The term “converted tall oil soap” refers specifically to a tall oil soap which has the same composition as traditional tall oil soap but wherein at least a significant part of the saponifiable components have been converted from sodium soaps into alkaline earth metal soaps.

The term “soap oil” refers to a product, which has been obtained by the neutralization of tall oil soap with carbon dioxide and water to free a part of the tall oil soaps and by subsequent separation of the aqueous brine phase to provide an oil phase. The soap oil has a pH below 9 and typically between 7 and 8. The term “converted soap oil” refers specifically to a soap oil, wherein at least a substantial portion of the fatty acid and resin acid soaps are in the form of alkaline earth metal soaps.
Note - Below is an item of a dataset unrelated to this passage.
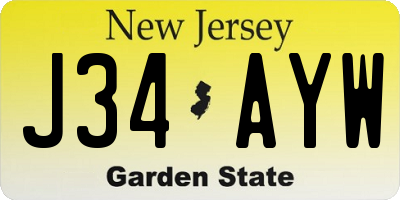 NJ license plate J34AYW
The term “neutralization” or “carbon dioxide neutralization” refers in the present specification and claims, unless otherwise specified, to a treatment of tall oil soap with carbon dioxide to lower its pH to a value below 9 and typically between 7 and 8.

The raw material of the present invention is crude tall oil soap or tall oil soap, which has been purified by washing with water or the like solvent or by cleaning with carbon dioxide. Especially, when the oil phase is to be used as a fuel, there is no need to purify the crude soap in any way.

The aim of the process is to provide a valuable product from the tall oil soap without increasing the sulfur load of the sulfate pulp mill and without negatively affecting the sodium balance.

An aim of the invention is also to provide the aqueous phases of the tall oil soap treatment cycles in a form which either allows for recovery of the chemicals contained in said aqueous phases in the pulping or chemical recovery system of the mill or enables external cleaning or utilization of the aqueous phase.

The aim of the invention can be realized either by producing a tall oil fuel with a low sodium content or by producing tall oil by a low sulfur process or totally without sulfur.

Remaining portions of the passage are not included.